## Try it
Copy the data verbatim and leave out every picture.

Captioned web images
▼

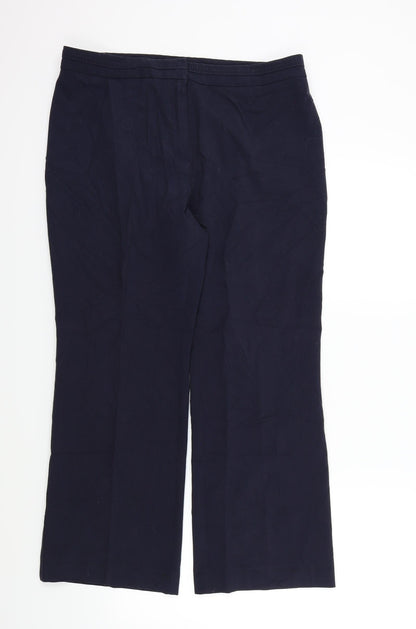 Womens UK Size 16 M&S Regular Fit  Blue Trousers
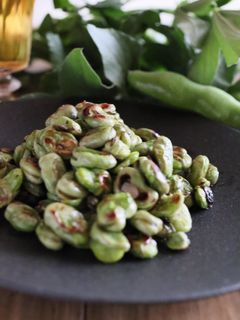 5分で!甘みが増し増し♡焼きそら豆♡-レシピのメイン写真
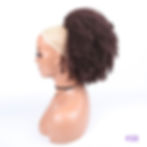 Miniature : Synthetic Long Afro Kinky Curly Ponytail Synthetic Drawstring Ponytail Clip-In 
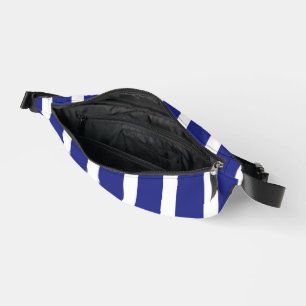Navy blue and white stripes pattern bum bags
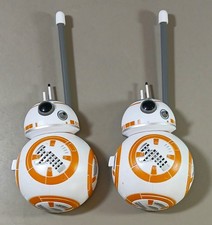Disney Lucasfilm Star Wars Walkie Talkies BB-8 SW-202B7 Tested Short Range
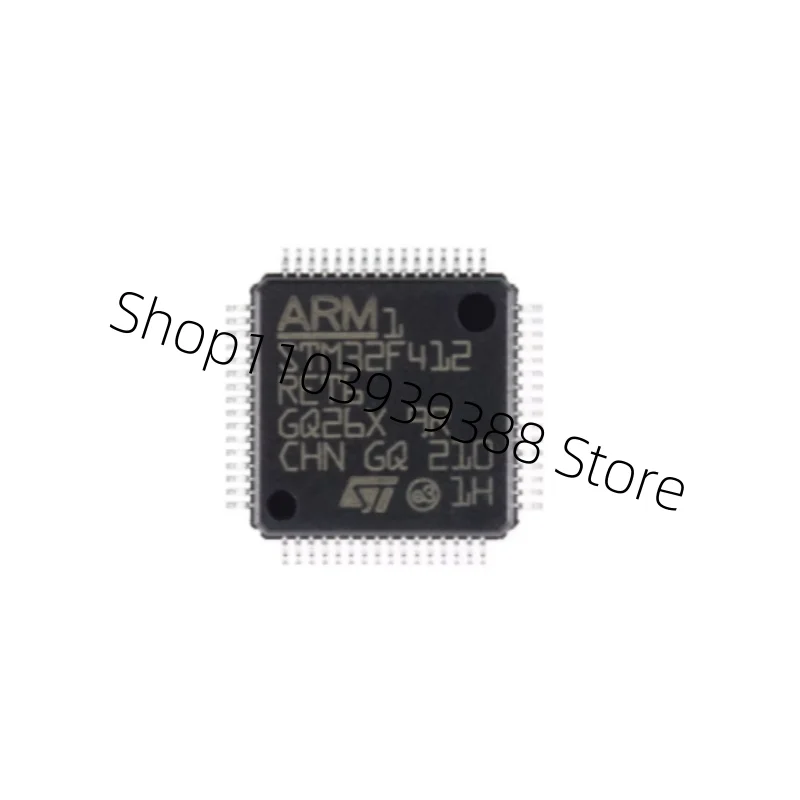 5Pcs New Original  STM32F412RET6 STM32F412 Microcontroller IC 32-Bit Single-Core 100MHz 512KB (512K x 8) FLASH 64-LQFP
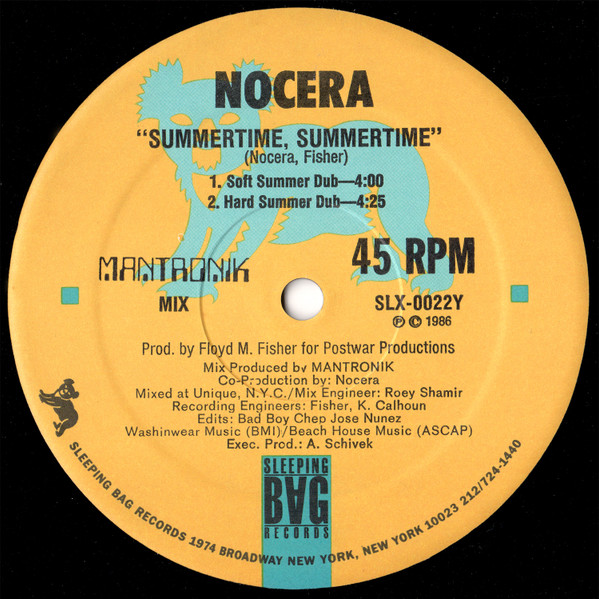 Nocera - Summertime, Summertime | Sleeping Bag Records (SLX-0022) - 2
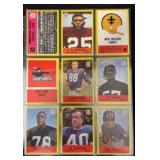 (63) 1967 Philadelphia Football Cards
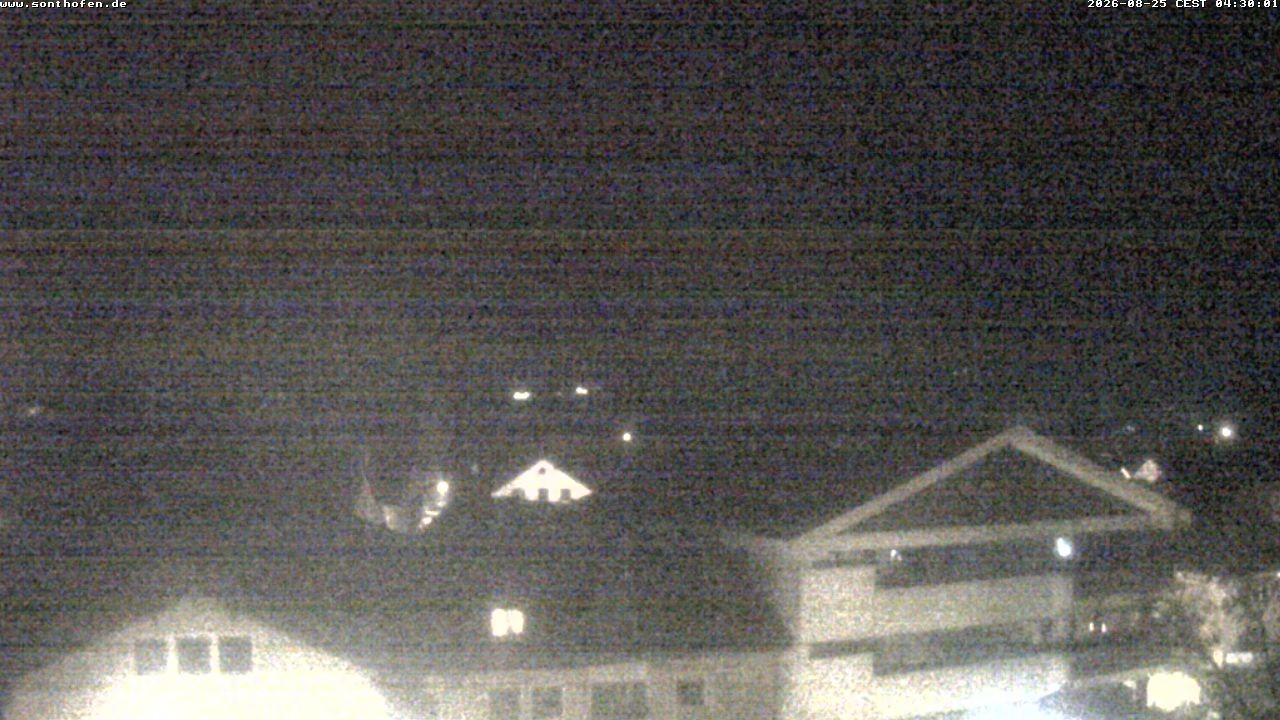 Archiv Foto Webcam Ausblick Rathaus Sonthofen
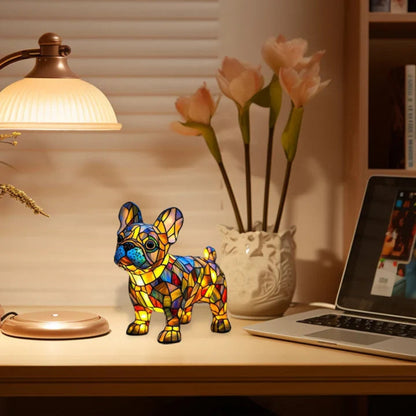 Fun Colorful LED Dog Lamp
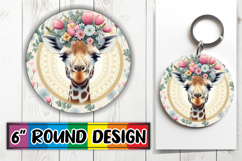 Radiant Round Car Coaster Magic, Giraffe Product Image 1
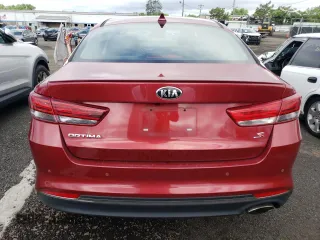 2018 Kia Optima LX with VIN 5XXGT4L34JG233981, listed as a Copart auction lot 62934255 with 105,642 mi miles and Salvage title. Bid and sale history available at DreamBid. Image 6.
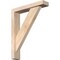 Ekena Millwork Traditional Block Smooth Bracket w/ Offset Brace, Douglas Fir, 3 1/2"W x 16"D x 20"H BKT0402X16X20TRA05SDF - alternate 1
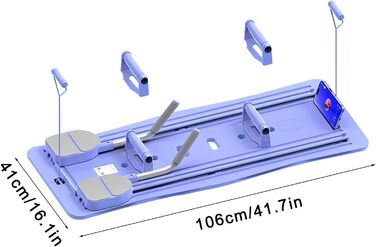 Дошка для пілатесу Joberio Rereform Пристрій для реформування пілатесу Дошка для вправ з роликом для живота Багатоцільова складна дошка для домашнього реформатора пілатесу Основне домашнє тренажери, щоб зберегти фіолетовий колір всього тіла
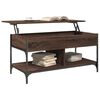 vidaXL Coffee Table Brown Oak Engineered wood, Metal 39.4x19.7 in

▲

## Exercise answer
 Womens UK Size 16 M&S Regular Fit  Blue Trousers
 5分で!甘みが増し増し♡焼きそら豆♡-レシピのメイン写真
 Miniature : Synthetic Long Afro Kinky Curly Ponytail Synthetic Drawstring Ponytail Clip-In 
Navy blue and white stripes pattern bum bags
Disney Lucasfilm Star Wars Walkie Talkies BB-8 SW-202B7 Tested Short Range
 5Pcs New Original  STM32F412RET6 STM32F412 Microcontroller IC 32-Bit Single-Core 100MHz 512KB (512K x 8) FLASH 64-LQFP
 Nocera - Summertime, Summertime | Sleeping Bag Records (SLX-0022) - 2
 (63) 1967 Philadelphia Football Cards
 Archiv Foto Webcam Ausblick Rathaus Sonthofen
 Fun Colorful LED Dog Lamp
 Radiant Round Car Coaster Magic, Giraffe Product Image 1
 2018 Kia Optima LX with VIN 5XXGT4L34JG233981, listed as a Copart auction lot 62934255 with 105,642 mi miles and Salvage title. Bid and sale history available at DreamBid. Image 6.
 Ekena Millwork Traditional Block Smooth Bracket w/ Offset Brace, Douglas Fir, 3 1/2"W x 16"D x 20"H BKT0402X16X20TRA05SDF - alternate 1
 Дошка для пілатесу Joberio Rereform Пристрій для реформування пілатесу Дошка для вправ з роликом для живота Багатоцільова складна дошка для домашнього реформатора пілатесу Основне домашнє тренажери, щоб зберегти фіолетовий колір всього тіла
 vidaXL Coffee Table Brown Oak Engineered wood, Metal 39.4x19.7 in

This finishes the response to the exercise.